Wherein the pipe through which the refrigerant passed through the condenser flows is branched into a pipe directed to the hot water side expansion valve and a pipe directed to the cold water side expansion valve so that the refrigerant passed through the condenser flows through the hot water side expansion valve and the cold water side expansion valve And the refrigerant directed to the hot water side expansion valve is evaporated in the composite heat exchanger evaporator to obtain heat, and after passing through the compressor in such a state, heat is discharged from the condenser, and refrigerant flowing toward the cold water side expansion valve The hot water is evaporated in the cold water side evaporator to obtain heat, and the heat is discharged from the condenser after passing through the compressor in such a state. In this process, hot water is formed by the heat radiated from the compressor and stored in the hot water storage tank And the cold water is formed while the heat is lost in the heat exchange process in the cold water side evaporator And is stored in the cold water storage tank.

According to an aspect of the present invention, there is provided a composite heat exchange regenerative heat pump system including a compressor, a condenser, a hot water side expansion valve, a geothermal heat exchanger, a composite heat exchange evaporator, a hot water storage tank, Side evaporator, the cold water side evaporator, and the cold water storage tank, it is possible to efficiently operate while simultaneously producing cold / hot water using a variety of heat sources such as geothermal heat and waste heat.

BRIEF DESCRIPTION OF THE DRAWINGS FIG. 1 is a view showing a configuration of a heat exchanger type heat pump system according to an embodiment of the present invention; FIG.
FIG. 2 is an enlarged view of a part of the structure of a heat exchanger heat pump system according to an embodiment of the present invention; FIG.

Hereinafter, a composite heat exchange regenerative heat pump system according to an embodiment of the present invention will be described with reference to the drawings.

FIG. 1 is a view showing the construction of a composite heat exchange regenerative heat pump system according to an embodiment of the present invention.
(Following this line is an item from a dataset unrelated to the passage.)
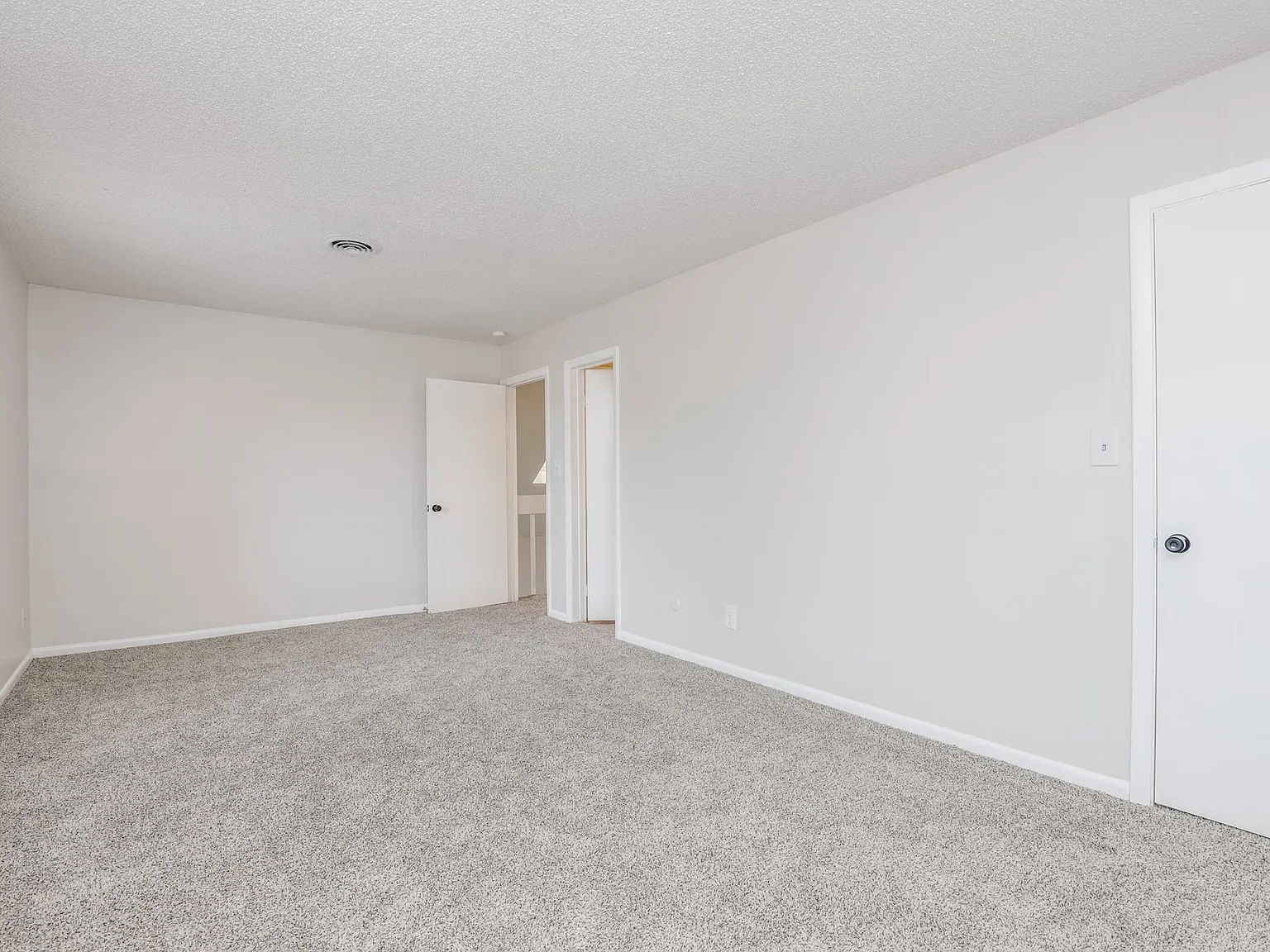 3 bed, 1352 sqft, $2,125 — Photo 3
FIG. 2 is an enlarged view of a part of the structure of a composite heat exchange regenerative heat pump system according to an embodiment of the present invention. to be.

1 and 2, the composite heat exchanger heat pump system 100 according to the present embodiment includes a compressor 155, a condenser 120, a hot water side expansion valve 135, a geothermal exchange member A cold water side expansion valve 165, a cold water side evaporator 170, and a cold water storage tank 180. The cold storage side evaporator 140, the hot water storage tank 110, the cold water side expansion valve 165,

Wherein the compressor 155 is capable of compressing the refrigerant and the condenser 120 is capable of condensing the compressed refrigerant via the compressor 155 and the hot water side expansion valve 135 is connected to the condenser 120 to expand the condensed refrigerant.
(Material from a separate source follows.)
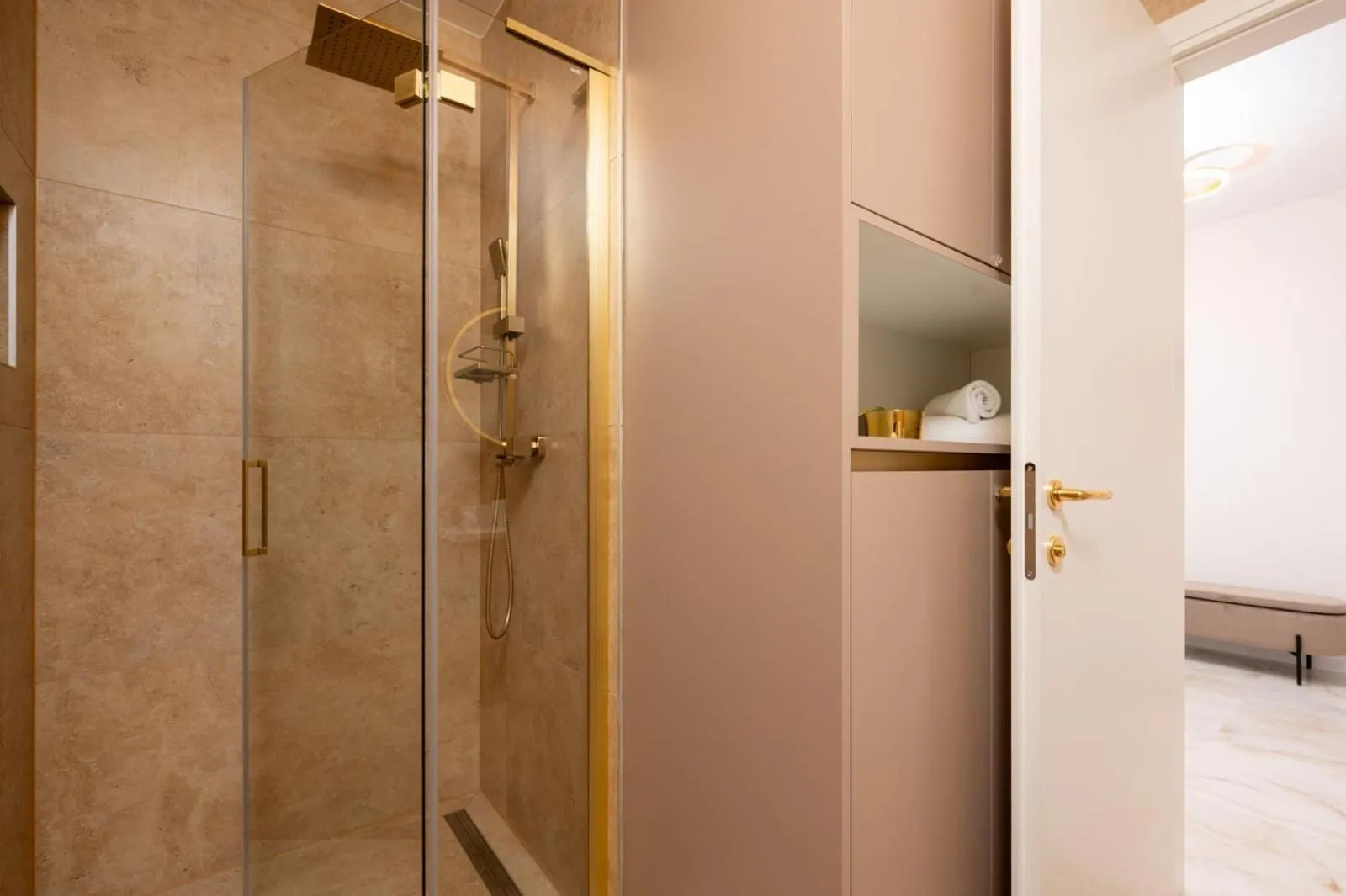 Shower in Apartment MiFi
In addition, the cold water side expansion valve 165 is capable of expanding the refrigerant condensed through the condenser 120, and the cold water side evaporator 170 is configured to expand the refrigerant passing through the cold water side expansion valve 165 And endothermically.
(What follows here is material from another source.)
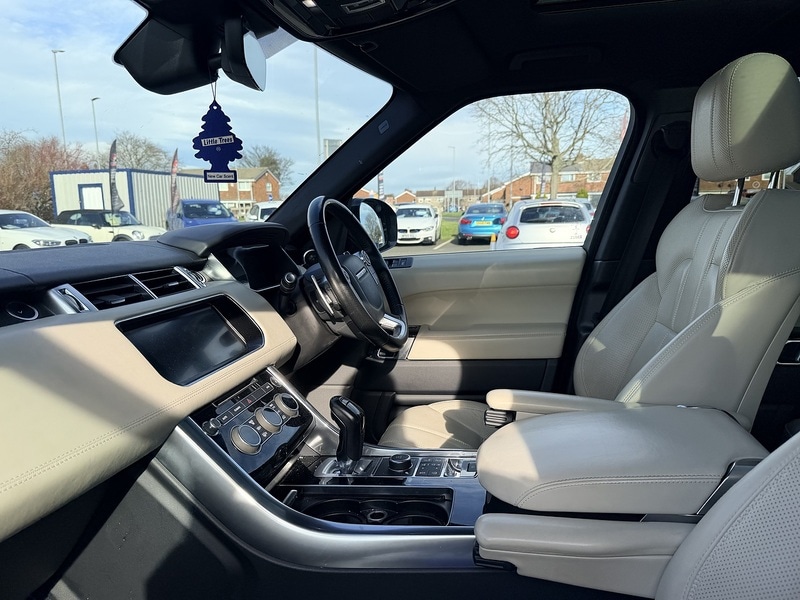 Used Land Rover Range Rover Sport 2018 for sale - 77663411: Photo 3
The pipe 204 through which the refrigerant passed through the condenser 120 flows is connected to the pipe 194 directed to the hot water side expansion valve 135 and the pipe 196 directed to the cold water side expansion valve 165 ).

Off valves 210 and 215 are provided on the respective pipes 194 and 196 so that the flow of the refrigerant can be controlled while the pipes 194 and 196 are selectively opened or closed simultaneously.

Reference numeral 125 denotes a receiver installed on the pipe 204 through which the refrigerant passed through the condenser 120 flows.

The geothermal exchange member 115 is buried in the ground and the geothermal exchange water flows, and the geothermal exchange water is heat-exchanged with the ground.

Reference numeral 103 denotes a supply pump capable of discharging the geothermal exchange water via the geothermal exchange member 115.

The geothermal heat exchanger (140) exchanges heat between geothermal heat exchanged with the ground and the refrigerant passing through the hot water side expansion valve (135), so that the refrigerant can be evaporated.

In detail, the combined heat exchange evaporator 140 includes a geothermal exchange water flow pipe 141 through which the geothermal exchange water flowing along the pipe 192 through which the geothermal exchange water supplied from the geothermal exchange member 115 flows, A coolant flow pipe 142 through which the coolant flows through the expansion valve 135, a heat sink 143 through which the geothermal heat exchange water flow pipe 141 and the coolant flow pipe 142 pass together, 141), a flow fan (144) capable of forming an air flow toward the refrigerant flow tube (142) and the heat sink (143).

The geothermal exchange water flow pipe 141 and the refrigerant flow pipe 142 are formed in a zigzag shape and are arranged to overlap with each other to improve heat exchange efficiency.

The geothermal heat exchange water flow pipe 141 and the refrigerant flow pipe 142 are intertwined together so that the geothermal exchange water flow pipe 141 and the refrigerant flow pipe 142 are not only convection but also the heat radiating plate 143 And the cooling fan 144 may be operated to cool the heat radiating plate 143 so that the heat radiating plate 143 is not heated excessively.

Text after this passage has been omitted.